Data records
[Start of Attachment]

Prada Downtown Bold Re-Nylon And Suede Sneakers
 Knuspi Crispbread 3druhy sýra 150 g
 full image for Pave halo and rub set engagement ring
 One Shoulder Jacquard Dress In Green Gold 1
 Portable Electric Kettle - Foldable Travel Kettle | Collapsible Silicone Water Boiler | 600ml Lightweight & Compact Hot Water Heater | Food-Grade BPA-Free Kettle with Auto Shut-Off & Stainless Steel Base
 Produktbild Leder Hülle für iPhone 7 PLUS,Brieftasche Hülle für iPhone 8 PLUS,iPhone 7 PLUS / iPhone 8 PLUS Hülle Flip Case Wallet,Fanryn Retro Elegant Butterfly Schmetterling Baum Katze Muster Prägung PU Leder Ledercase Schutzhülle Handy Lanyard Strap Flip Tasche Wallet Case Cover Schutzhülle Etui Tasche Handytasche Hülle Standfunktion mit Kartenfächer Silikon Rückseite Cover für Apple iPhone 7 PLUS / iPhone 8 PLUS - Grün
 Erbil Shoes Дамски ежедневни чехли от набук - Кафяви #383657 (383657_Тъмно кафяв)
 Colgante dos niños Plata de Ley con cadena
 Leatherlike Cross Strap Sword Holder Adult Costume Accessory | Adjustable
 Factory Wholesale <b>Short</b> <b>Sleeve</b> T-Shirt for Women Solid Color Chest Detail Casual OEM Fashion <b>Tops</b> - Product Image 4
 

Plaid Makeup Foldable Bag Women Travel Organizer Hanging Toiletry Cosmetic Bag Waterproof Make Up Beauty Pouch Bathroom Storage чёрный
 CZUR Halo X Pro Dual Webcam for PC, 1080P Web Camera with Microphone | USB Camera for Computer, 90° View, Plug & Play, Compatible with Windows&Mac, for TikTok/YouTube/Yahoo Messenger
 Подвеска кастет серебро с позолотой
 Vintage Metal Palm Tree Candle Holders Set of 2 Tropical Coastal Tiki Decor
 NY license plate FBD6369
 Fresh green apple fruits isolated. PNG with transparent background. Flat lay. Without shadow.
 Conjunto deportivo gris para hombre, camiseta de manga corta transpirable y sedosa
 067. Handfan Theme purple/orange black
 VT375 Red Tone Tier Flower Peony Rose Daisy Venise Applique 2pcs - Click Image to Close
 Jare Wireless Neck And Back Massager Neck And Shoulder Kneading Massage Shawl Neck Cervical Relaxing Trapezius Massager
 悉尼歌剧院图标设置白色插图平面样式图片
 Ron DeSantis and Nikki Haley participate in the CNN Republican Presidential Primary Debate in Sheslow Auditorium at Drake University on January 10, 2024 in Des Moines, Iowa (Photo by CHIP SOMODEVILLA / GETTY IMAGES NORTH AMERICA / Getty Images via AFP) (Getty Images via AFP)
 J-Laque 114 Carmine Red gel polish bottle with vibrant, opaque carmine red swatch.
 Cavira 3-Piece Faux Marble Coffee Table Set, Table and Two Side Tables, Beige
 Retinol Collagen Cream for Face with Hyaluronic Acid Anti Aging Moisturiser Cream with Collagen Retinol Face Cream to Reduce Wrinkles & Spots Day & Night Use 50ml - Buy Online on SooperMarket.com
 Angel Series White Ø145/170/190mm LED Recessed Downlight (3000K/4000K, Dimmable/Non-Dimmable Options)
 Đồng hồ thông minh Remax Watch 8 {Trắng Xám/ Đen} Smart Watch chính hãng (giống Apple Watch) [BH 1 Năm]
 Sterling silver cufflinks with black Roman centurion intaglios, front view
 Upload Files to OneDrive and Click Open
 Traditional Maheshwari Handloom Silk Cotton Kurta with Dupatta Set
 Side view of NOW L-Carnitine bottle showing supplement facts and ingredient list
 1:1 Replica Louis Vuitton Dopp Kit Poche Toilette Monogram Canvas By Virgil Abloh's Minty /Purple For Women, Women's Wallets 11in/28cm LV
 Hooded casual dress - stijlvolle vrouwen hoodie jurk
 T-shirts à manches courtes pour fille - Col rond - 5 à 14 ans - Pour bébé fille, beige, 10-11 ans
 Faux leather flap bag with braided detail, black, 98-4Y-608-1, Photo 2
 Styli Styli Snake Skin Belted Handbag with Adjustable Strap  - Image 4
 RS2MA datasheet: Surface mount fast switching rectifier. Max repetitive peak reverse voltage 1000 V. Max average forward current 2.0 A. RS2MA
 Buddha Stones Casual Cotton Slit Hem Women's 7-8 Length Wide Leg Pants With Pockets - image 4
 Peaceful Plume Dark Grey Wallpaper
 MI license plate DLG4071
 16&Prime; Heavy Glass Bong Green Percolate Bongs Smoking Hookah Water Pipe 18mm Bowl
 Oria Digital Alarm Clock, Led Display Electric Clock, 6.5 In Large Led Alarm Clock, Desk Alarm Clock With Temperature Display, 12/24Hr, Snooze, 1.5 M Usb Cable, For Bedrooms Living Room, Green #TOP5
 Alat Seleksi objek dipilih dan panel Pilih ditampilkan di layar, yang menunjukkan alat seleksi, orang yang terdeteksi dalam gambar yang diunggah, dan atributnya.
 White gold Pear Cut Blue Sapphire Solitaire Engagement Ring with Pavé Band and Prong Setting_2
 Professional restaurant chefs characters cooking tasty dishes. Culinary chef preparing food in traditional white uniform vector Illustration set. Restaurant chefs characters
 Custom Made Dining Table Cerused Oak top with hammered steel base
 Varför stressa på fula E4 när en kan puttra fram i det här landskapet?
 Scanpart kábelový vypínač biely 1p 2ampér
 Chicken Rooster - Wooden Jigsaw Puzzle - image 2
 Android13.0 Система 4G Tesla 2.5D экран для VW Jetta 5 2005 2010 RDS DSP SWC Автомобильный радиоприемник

[End of Attachment]

*What is expected*. Please return every line in the data that includes the string "plate".

*Solution for this problem*.
 NY license plate FBD6369
 MI license plate DLG4071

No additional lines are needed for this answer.